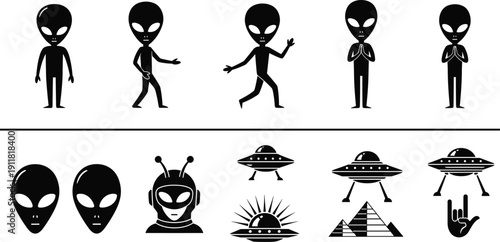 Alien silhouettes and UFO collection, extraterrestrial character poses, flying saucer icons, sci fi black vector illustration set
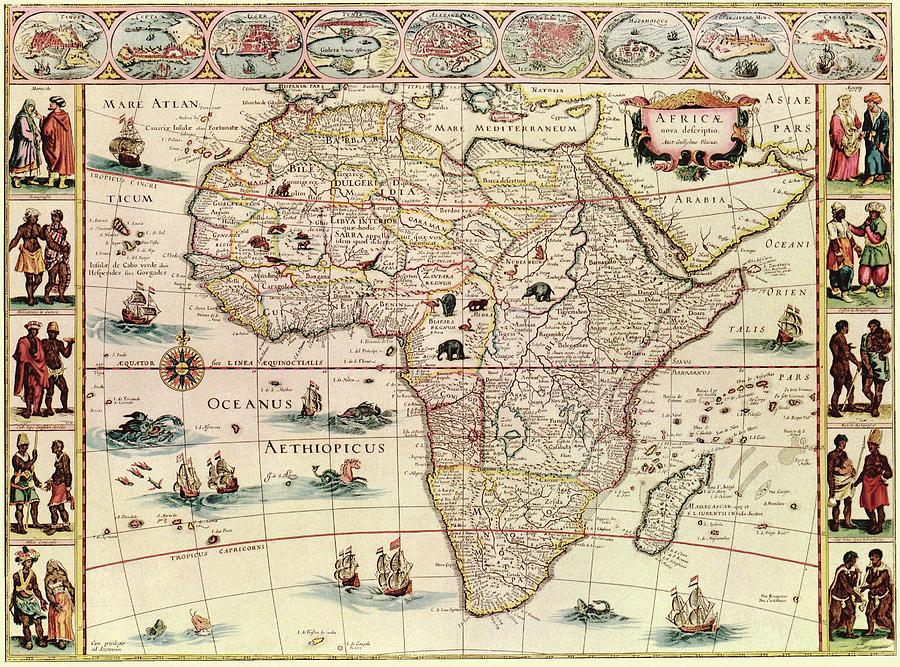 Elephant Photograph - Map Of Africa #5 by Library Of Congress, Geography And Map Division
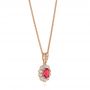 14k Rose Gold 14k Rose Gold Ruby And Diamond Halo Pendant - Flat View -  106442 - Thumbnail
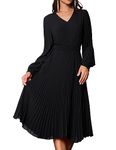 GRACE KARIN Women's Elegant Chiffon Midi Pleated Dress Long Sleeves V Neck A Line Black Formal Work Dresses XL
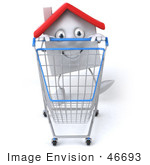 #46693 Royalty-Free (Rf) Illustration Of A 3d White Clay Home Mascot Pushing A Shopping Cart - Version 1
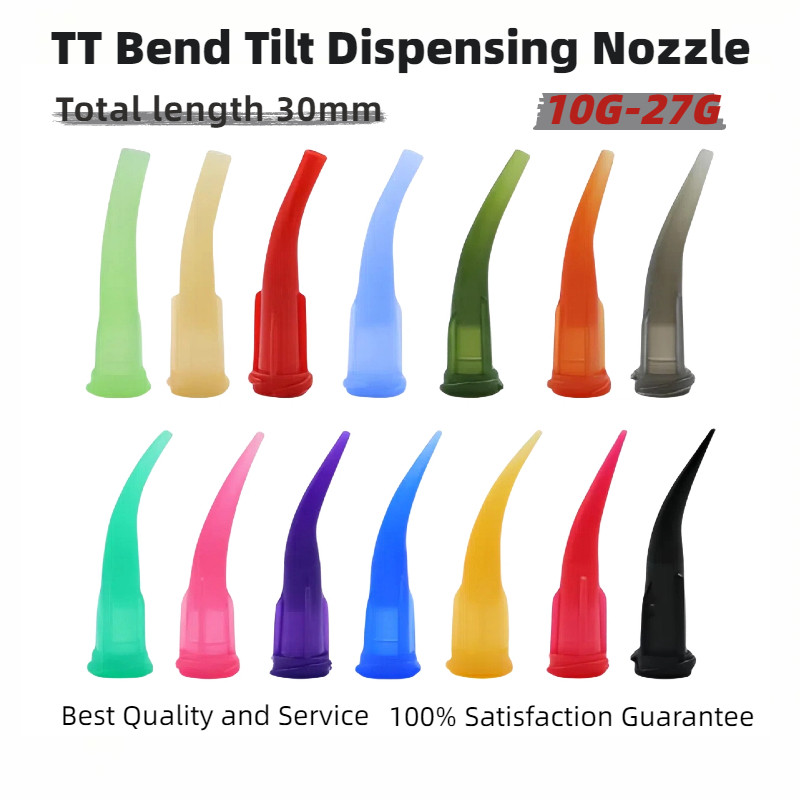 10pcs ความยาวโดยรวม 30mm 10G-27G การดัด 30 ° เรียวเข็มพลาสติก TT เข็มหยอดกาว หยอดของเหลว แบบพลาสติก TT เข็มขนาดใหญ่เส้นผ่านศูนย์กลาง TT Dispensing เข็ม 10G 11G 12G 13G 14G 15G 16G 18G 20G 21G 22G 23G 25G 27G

_TASK DESCRIPTION_
Your answer must be the lines from the opening line of the entries through the line holding "#46693 Royalty-Free (Rf)", written out exactly and without any picture.

_YOUR RESPONSE_
 Alien silhouettes and UFO collection, extraterrestrial character poses, flying saucer icons, sci fi black vector illustration set
 Elephant Photograph - Map Of Africa #5 by Library Of Congress, Geography And Map Division
 14k Rose Gold 14k Rose Gold Ruby And Diamond Halo Pendant - Flat View -  106442 - Thumbnail
 GRACE KARIN Women's Elegant Chiffon Midi Pleated Dress Long Sleeves V Neck A Line Black Formal Work Dresses XL
 #46693 Royalty-Free (Rf) Illustration Of A 3d White Clay Home Mascot Pushing A Shopping Cart - Version 1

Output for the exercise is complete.